Lennie the Lurker writes
You are confusing what I have to pay for my fixed expenses with what I
have left for "fun money". I was spending about $200 to $300 per
flyable weekend at the glider port, plus $300 per month for the
payments on the plane, and no partners in it. But, lets say, $3600 per
year for payments, $900 for insurance, $35 per month for tiedown, $40
for a 3k tow, and an income of $1500 per month, on which I am now
completely comfortable.


Perhaps our objectives are different. Perhaps geography plays a part.
But I'd say you were paying too much. Certainly far to much for what you
evidently got out of it.


Bill,
The way things work in the USA are a lot different from the UK. Many
(most?) clubs don't instruct there - you learn at the local FBO, which
is a commercial operation and will charge around $50 per hour for
glider hire, $40 per hour of instructor time and typically $10 - $12
per thousand feet on tow. Winching is rare across the pond. Mind you,
the clubs, where they exist are pretty reasonable (when I visited
Avenal they wanted $20 per tow and $5 for each glider flight, but in
an older, lower performance club fleet (Schweitzer 2-33, Blanik L-13,
Schweitzer 1-26). Club membership seemed more or less in line with the
UK norm.

Finally, most club and FBO fleets are two seat only, so once you're
solo you really have to stump up for a glider to continue. Gliding
there costs a lot more than it does here.

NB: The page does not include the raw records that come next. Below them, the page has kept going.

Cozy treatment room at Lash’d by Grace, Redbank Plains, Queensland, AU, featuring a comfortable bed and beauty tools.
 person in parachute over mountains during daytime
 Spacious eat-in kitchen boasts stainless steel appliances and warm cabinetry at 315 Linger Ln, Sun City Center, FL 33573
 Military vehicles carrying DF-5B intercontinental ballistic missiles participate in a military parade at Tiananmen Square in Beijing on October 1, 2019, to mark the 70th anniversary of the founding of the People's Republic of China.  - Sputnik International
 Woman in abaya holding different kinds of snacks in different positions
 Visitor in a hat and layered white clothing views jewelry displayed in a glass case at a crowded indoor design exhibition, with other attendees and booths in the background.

Looked at in his context, Lennie's costs look to be pretty much in
line with the US norm.

For my part, I'm learning to fly as a member of a local club. I use the
club gliders and the club instructors, all of which come within the
price of my annual membership (£220 pa). Because I took their "Fixed
price to solo" offer (£470 incl annual membership) I don't have to pay
another thing until I either go solo or I need to renew my annual
membership (another £220 next year).

My local club is a bit more expensive than yours, but we have a big
airfield, an all-glass fleet and some nice club single seaters to
support. I too did the fixed price to solo. Its good encouragement to
go fly on a less than optimal day. For the last three years I've been
flying club single seaters as part of a similar scheme (buy a block of
reduced cost air time with associated glider booking rights). For a
variety of reasons I'm planning buy my own glider this winter.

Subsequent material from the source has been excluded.